Selain itu dari sisi penggunaan media sosial, Ahmad mengatakan tidak semua pelaku UMKM melek terhadap social commerce. Belum lagi para pedagang UMKM lokal yang selama ini bergantung pada pasar konvensional.

"Karena tidak bermain di kanal itu. Permintaan pasar terhadap produk mereka bisa menurun dalam jumlah besar. Apalagi kalau harga jualnya di bawah HPP. Tentu daya saingnya jadi ketinggalan jauh," ucapnya.

Oleh sebab itu Ahmad sepakat dengan pernyataan pemerintah bahwa social commerce harus diatur. Revisi Peraturan Menteri Perdagangan (Permendag) Nomor 50 tahun 2020 tentang Ketentuan Perizinan Usaha, Periklanan, Pembinaan, dan Pengawasan Pelaku Usaha dalam Perdagangan Melalui Sistem Elektronik (PPMSE) diharapkan menjadi aturan main yang adil bagi pelaku usaha lokal maupun importir.

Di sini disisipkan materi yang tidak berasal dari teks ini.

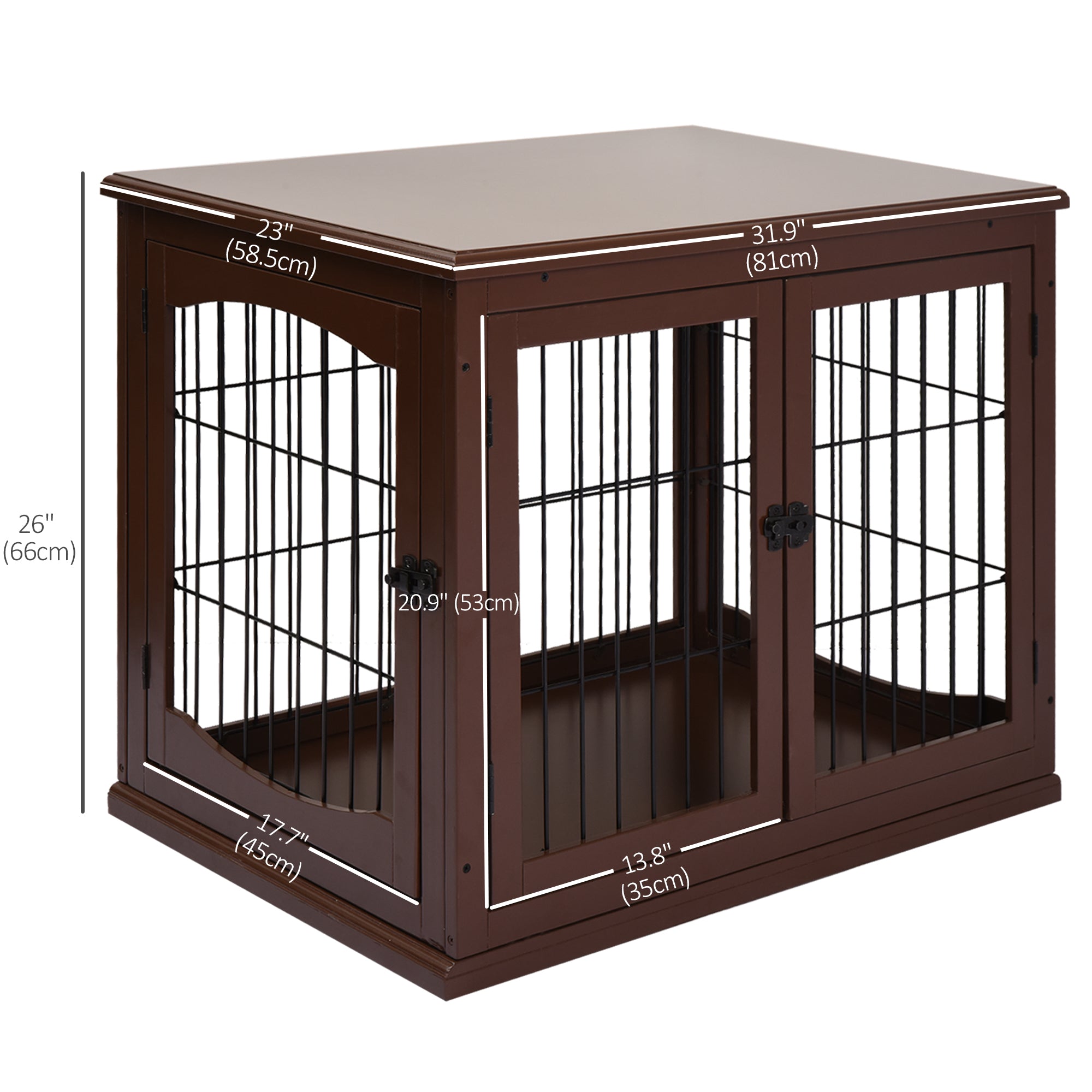 PawHut 32" Wooden Dog Crate Furniture Dog Cage, Modern Side Table Pet Kennel with Double Lockable Door, 32" L x 23" W x 26" H, Brown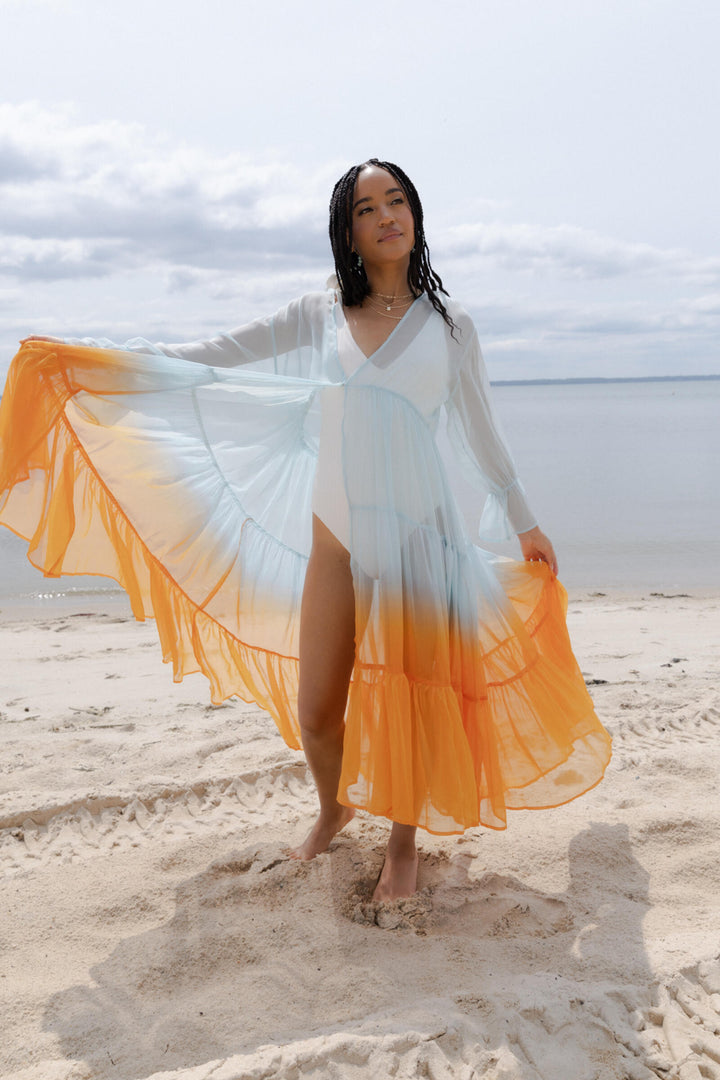 Sheer Kimono Cover Up Ombre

"Digitalisasi merubah pola perdagangan kita Jangan sampai karena kebijakan perdagangan yang salah industri kita mati karena kalah sama produk impor di pasar dalam negeri karena dijual murah," tegasnya.

Sebelumnya, pada Jumat (15/9/2023), Direktur Pemasaran SMESCO Wientor Rah Mada, awalnya mengungkap bahwa banyak pelaku UMKM banyak pelaku UMKM yang melapor ke SMESCO soal kehadiran social commerce. Harga berbagai produk yang dijual di platform daring itu terlalu murah.

Sebagai lembaga yang bertugas menjadi pintu akses UMKM, Wientor mengatakan pihaknya cukup geram dengan situasi tersebut.
"Saya melihat dengan mata kepala saya sendiri. Ada yang jualan jilbab Rp 20 ribu dapat empat sementara HPP (harga pokok penjualan) UMKM kita itu satu jilbab Rp 15 ribu. UMKM selalu mengeluh kepada kami," ungkapnya.